You can find the list of out-of-the-box trainers below:

General training structure

Training API
kind: ModelTraining
# Some unique value among all trainings. if not, the training with the same name will be overwritten.
# Id must:
#  * contain at most 63 characters
#  * contain only lowercase alphanumeric characters or ‘-’
#  * start with an alphanumeric character
#  * end with an alphanumeric character
id: wine-12345
spec:
  model:
    # Human-readable model name
    name: wine
    # Human-readable model version
    version: 3.0
    # Optionally, you can specify template for output artifact
    # The default value is {{ .Name }}-{{ .Version }}-{{ .RandomUUID }}.zip
    # where:
    #   Name - spec.model.name
    #   Version - spec.model.version
    #   RandomUUID - a random UUID v4, for example be17d12d-df43-4588-99e7-56a0db3cad77
    artifactNameTemplate: {{ .Name }}-{{ .Version }}-{{ .RandomUUID }}.zip
  # The toolchain parameter is a point of extension for different ML frameworks.
  # For now, we only support the Mlfow toolchain
  toolchain: mlflow
  # Mlflow MLProject file contains the list of entrypoints. You must choose one of those.
  entrypoint: main
  # Working directory inside a training (docker) container, which GIT repository copied in.
  # Optional. The default directory is "./".
  workDir: work/dir
  # The training data for a ML script. You can find full description there: https://docs.odahu.epam.com/ref_trainings.html#training-data
  data:
      # You can specify a connection name
    - connection: wine
      # Path to a file or a dir where data will copy from a bucket; relative to your Git repository root derictory.
      localPath: mlflow/wine-quality/
      # Path to the dir or file in a bucket
      # Optional.
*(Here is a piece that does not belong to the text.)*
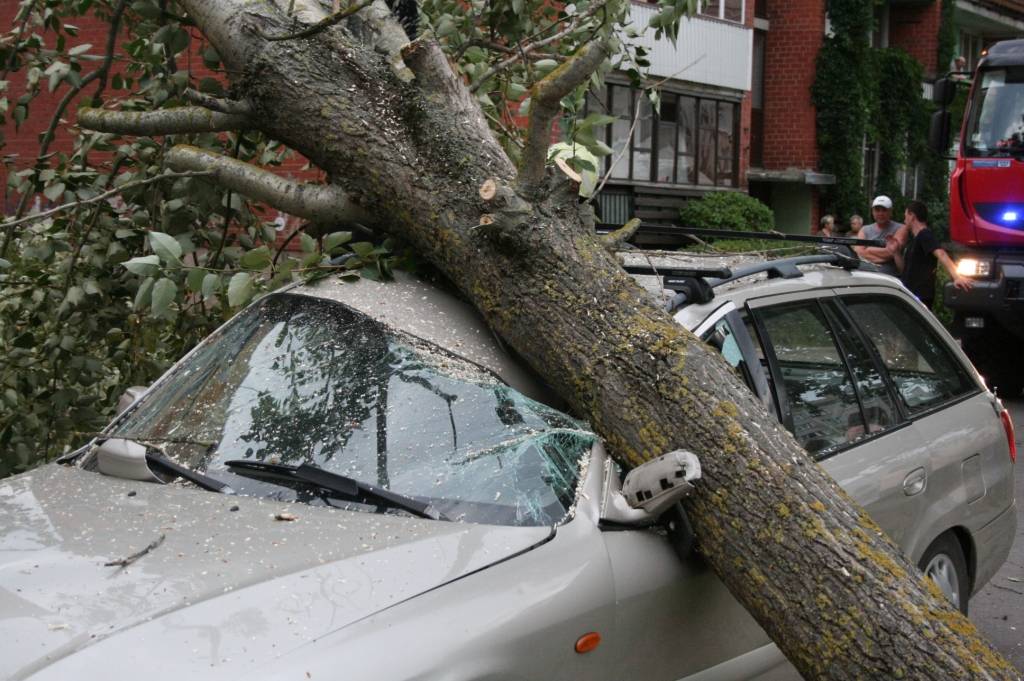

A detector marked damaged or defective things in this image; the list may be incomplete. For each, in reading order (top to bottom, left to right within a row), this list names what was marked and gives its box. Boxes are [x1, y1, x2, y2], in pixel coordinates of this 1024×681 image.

shattered windshield [106, 292, 592, 524]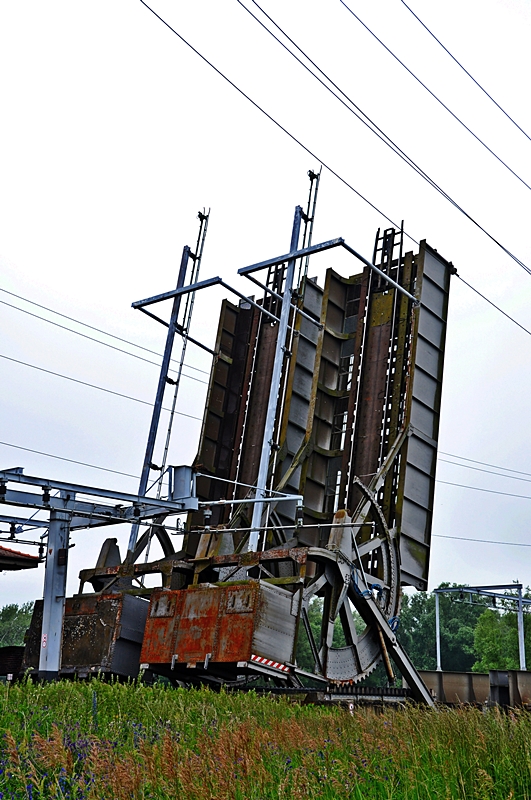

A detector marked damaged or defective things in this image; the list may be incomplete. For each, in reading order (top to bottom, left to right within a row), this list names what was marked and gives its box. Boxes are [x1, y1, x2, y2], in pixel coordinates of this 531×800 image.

rust stain on steel [141, 580, 262, 668]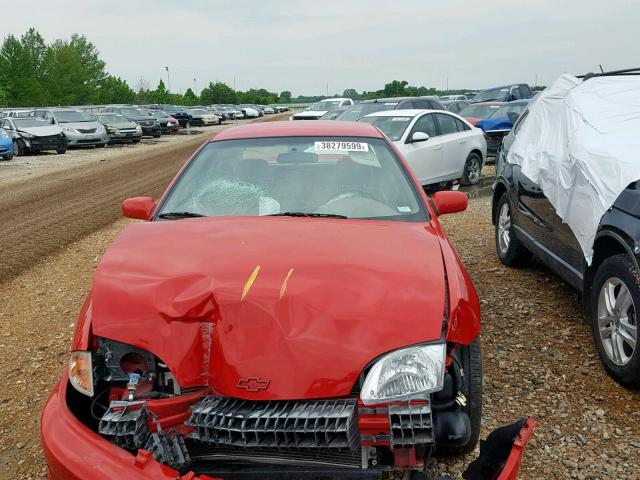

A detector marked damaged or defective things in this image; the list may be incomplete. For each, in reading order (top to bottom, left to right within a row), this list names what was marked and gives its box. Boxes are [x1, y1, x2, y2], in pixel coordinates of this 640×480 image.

If it is missing then the path from connection will be used.
      remotePath: training-data/
  # You can specify the map of hyperparameters
  hyperParameters:
    key: value
    var2: test
  # Compute resources for the training job.
  resources:
    limits:
      cpu: 1
      memory: 1Gi
    requests:
      cpu: 1
      memory: 1Gi
  # Custom environment variables that should be set before entrypoint invocation.
  envs:
      # The name of variable
    - name: TEST_ENV_KEY
      # The value of variable
      value: TEST_ENV_VALUE
  # A Docker image where the training will be launched.
  # By default, the image from a toolchain is used.
  image: python:3.8
  # A section defining training source code
  algorithmSource:
    # Use vcs if source code located in a repository and objectStorage if in a storage. Should not use both
    vcs:
      # A connection which describes credentials to a GIT repository or to a bucket if using objectStorage
      connection: <git-connection>
      # Git reference (branch or tag)
      # This must be specified here OR in Git connection itself
      # In case of using objectStorage, specify path: <remote path> instead of reference
      reference: master
  # You can set a connection that points where the Trained Model Binary will be stored.
  # Optional. Default value is taken from the ODAHU cluster configuration.
  outputConnection: custom-connection
  # Node selector that exactly matches a node pool from ODAHU config
  # This is optional; when omitted, ODAHU uses any of available training node pools
  # Read more about node selector: https://kubernetes.io/docs/concepts/scheduling-eviction/assign-pod-node/
  nodeSelector:
    label: value
status:
  # One of the following states: scheduling, running, succeeded, failed, unknown
  state: running
  # List of training results
  artifacts:
      # Mlflow run ID
    - runId: 12345678
      # Trained artifact name
      artifactName: wine-10.zip
      # VCS commit ID
      commitID: d3d6e8ed776ed37fd2efd7a1b8d5fabdd7e3eea5

Training data

Odahu-flow allows downloading data from various sources to the local file system of a training job. Data source supports the following types of Odahu-flow connections:

Let’s consider the following example of downloading training data from Google Cloud Storage.

Prerequisites:
  • The training data set is located in the wine-training-data bucket by wine/11-11-2011/ directory.
  • The ML script expects that the data will be located in the training (docker) container by data/ directory relative to the root git directory.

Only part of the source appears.